The case[14] of Travers occurred shortly after Whitgift's accession to the primacy. Walter Travers ranks second only to Cartwright as a leader of the Puritan party. He was confessedly a man of learning and ability, and apparently also of a disposition which attached many persons warmly to him. He had been a Fellow of Trinity, Cambridge, during Whitgift's mastership, and had then got into trouble by reason of his unbending Puritanism. He seems to have been thought well of by Lord Burghley and other great persons, and had many friends among the lawyers of the Temple. He was the author—though not confessedly—of the book entitled 'De Disciplina Ecclesiastica,' which was and continued to be the acknowledged text-book of the Puritans, and was afterwards publicly adopted and authorised by the Parliament in 1644 as a Directory of Government. The Mastership of the Temple becoming vacant in 1584, Travers' name was mentioned as a candidate, and he was in the first instance supported by Lord Burghley. Whitgift not unnaturally objected, and wrote to Lord Burghley that 'unless he (Travers) would testify his conformity by subscription as all others did which now entered into ecclesiastical livings, and would also make proof unto him that he is a minister, ordered according to the laws of this Church of England (as he verily believed he was not, because he forsook his place in the college upon that occasion), he could by no means yield to consent to the placing him there, or elsewhere in any function of this Church.'

Travers on this also wrote a letter to Lord Burghley, in which he demurs to re-ordination, but expresses his readiness to subscribe the Articles, 'which most willingly and with all my heart I assent unto as agreeable to God's word.'[15] The appointment was given to Richard Hooker, but Travers remained for some time lecturer at the Temple, where he used to employ himself in controverting in the afternoon the statements made by Hooker in the morning. To this scandal, after some time, Whitgift put an end, by abruptly prohibiting Travers from preaching any more. Travers made an appeal to Lord ]3urgliley and to the Privy Council, but without success. The document in which the appeal was made, or a copy thereof, was sent by Cecil to Whitgift, and has been preserved, together with Whitgift's annotations upon it. In this form it was published by Strype, and is of much interest and some importance. It must be borne in mind in reading it that Lord Burghley was throughout far more favourable to Travers than Whitgift was, and that the latter was in these annotations making out his case to the best of his ability, in excuse for his somewhat sharp treatment of the former. On the whole, he makes out a good case. It was obvious that no discipline could be maintained at all if a man holding, as Travers did, the constituted authorities of his own Church in utter contempt, repudiating their discipline, and despising their orders, could go abroad on purpose to free himself from their authority, receive his commission there from the hands of a mere set of malcontents like himself, and then come back and claim that he held any office or cure in the Church of England which might fall to his lot, by as good a title as the best there. In the main, Whitgift's position was so strong that he had no difficulty in maintaining it, and Travers remained silenced, but he was shortly after called to Dublin by Archbishop Loftus and made Master of Trinity College.

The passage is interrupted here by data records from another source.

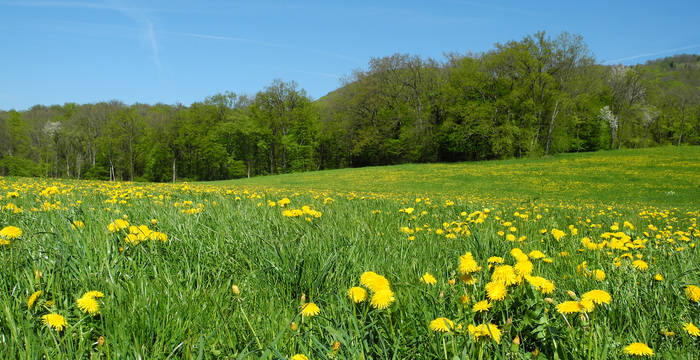 Eine blühende Wiese voller Löwenzahn © Jan Gürke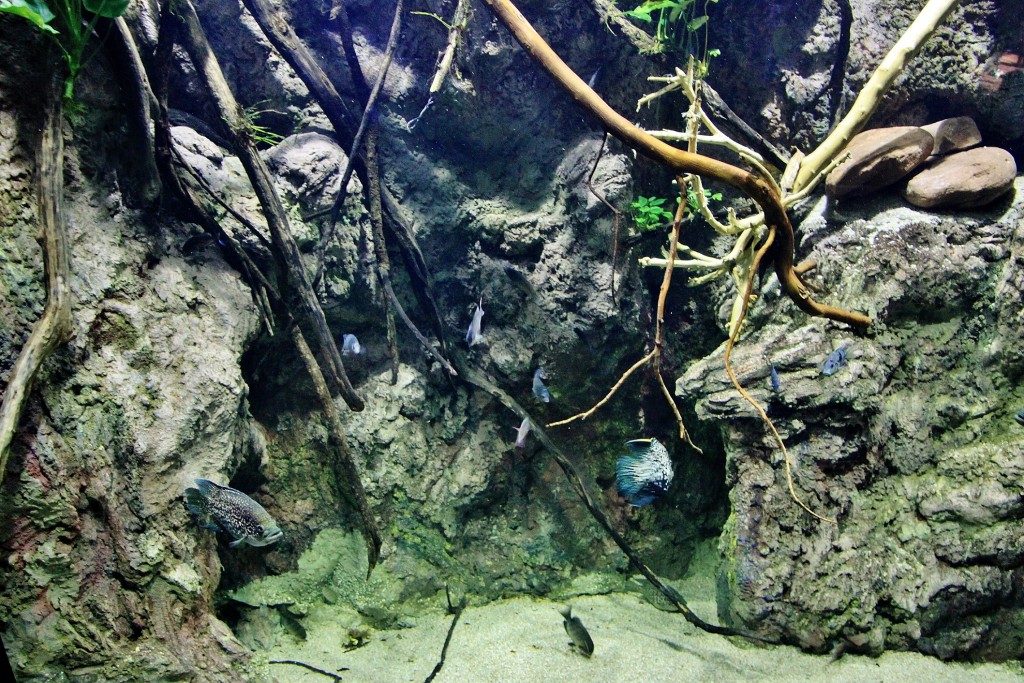 Foto: Acuario - Zaragoza (Aragón), España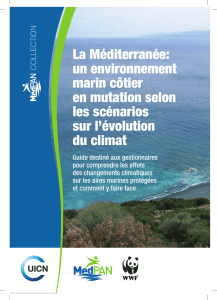 La Méditerranée: un environnement marin côtier en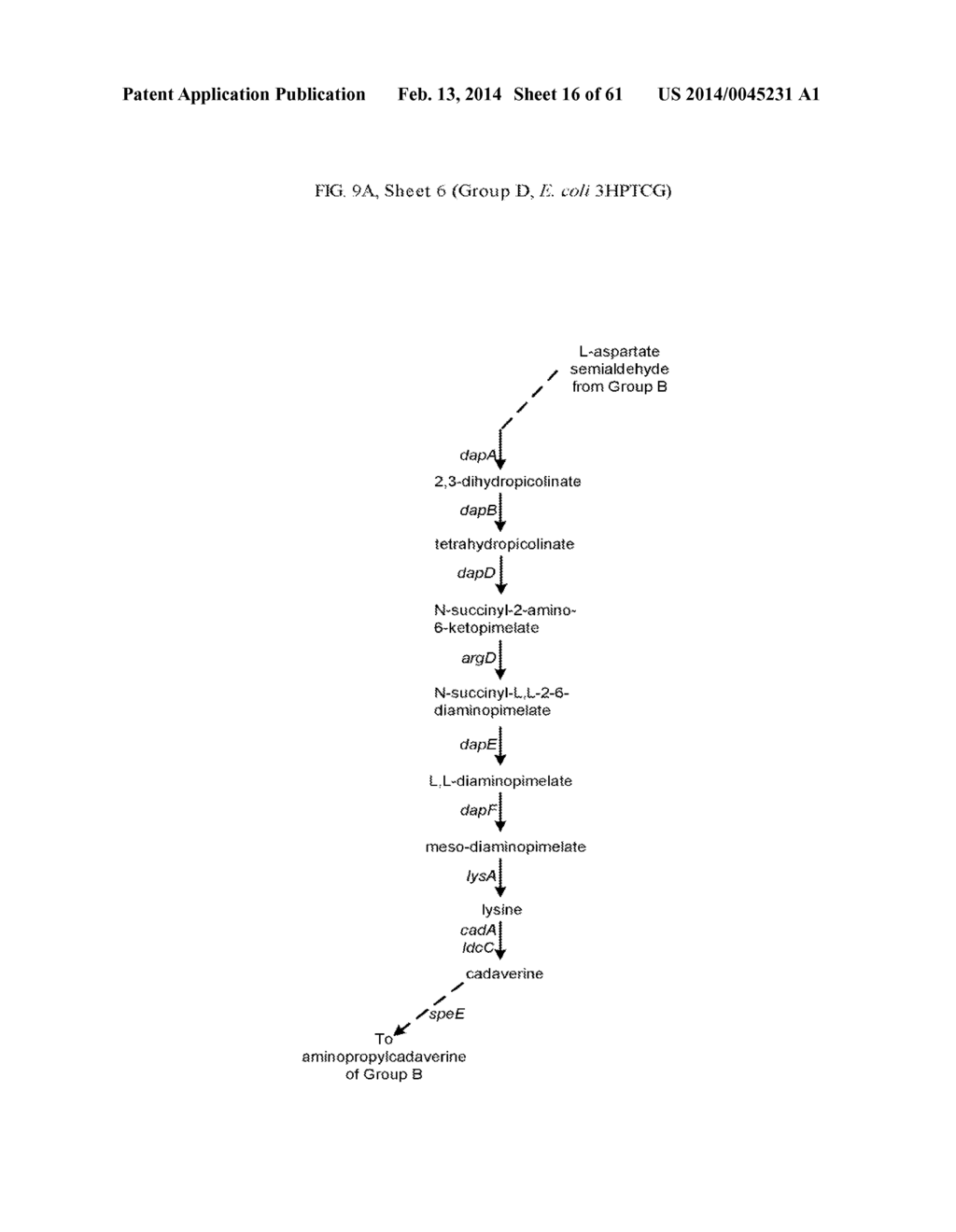 METHODS FOR PRODUCING 3-HYDROXYPROPIONIC ACID AND OTHER PRODUCTS - diagram, schematic, and image 17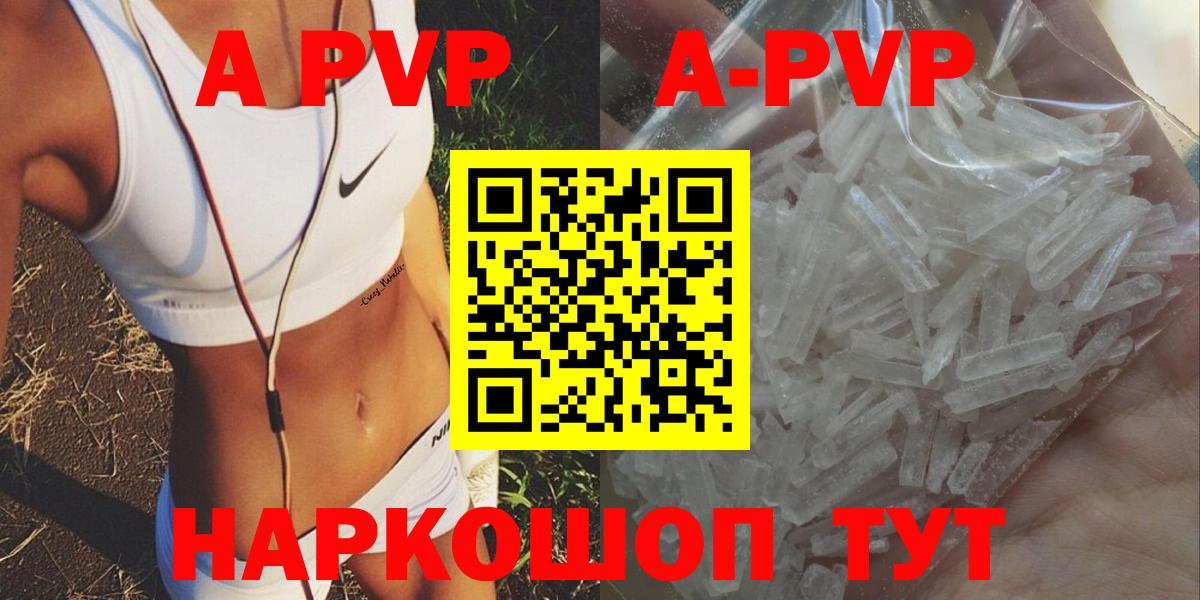 APVP СК Великий Новгород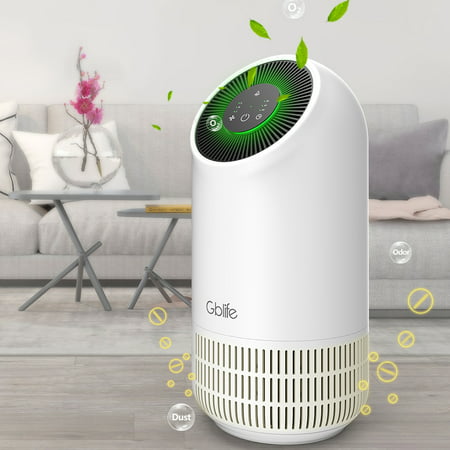 GBlife Air Purifier for Home Smokers Allergies and Pets Hair, True HEPA Filter, Quiet in Bedroom, Filtration System Cleaner Eliminators, Odor Smoke Dust Mold, Night (Best Air Purifier For Pet Hair)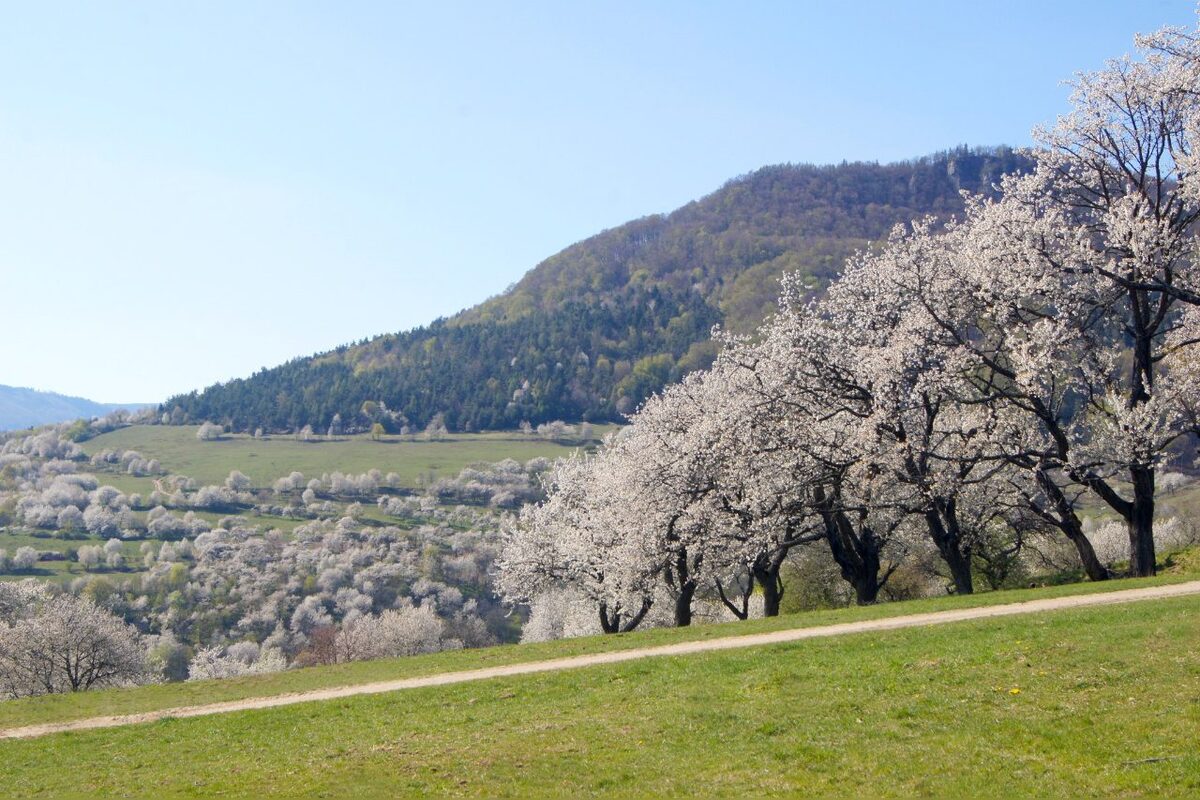 FOTO: Čerešňový raj Brdárka znova rozkvitá, foto 3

There are, however, some incidental points touched by these disputants which are of value as showing the state of things in the English Church at the period. In the course of an argument that ordination in one Church was always held good in others, Travers says, 'Afore Mr. Whittingham's case there was never any question moved in this Church to the contrary,' and to this historical statement Whitgift takes no objection.[16] Travers proceeds: 'The question being moved about him, yet was neither the word of God nor the law of the land found to be against him. But notwithstanding that exception, he continued in his place and ministry after to his death.' Whitgift rejoins: 'This is untrue, for if Mr. Whittingham had lived he had been deprived, without special grace and dispensation.' Now, as we have just seen, Travers was right in this point, as to the fact: Whittingham was not condemned, and did retain his deanery for the few months he lived. Whether he would have been condemned is a matter of opinion, in which it is at least as likely that Lord Huntingdon, one of his judges, should have been right as Whitgift, who had nothing at all to do with the case.

These two cases, taken together, serve to show how the rise of Puritanism, together with Elizabeth's determination to give it no quarter, were gradually hardening Anglicanism, and while leaving it still in its old attitude of uncompromising opposition to Eome, were gradually compelling or inducing it to take up a position of exclusiveness towards other Protestant churches, to which, for nearly the first half-century of its existence, it was a stranger.[17]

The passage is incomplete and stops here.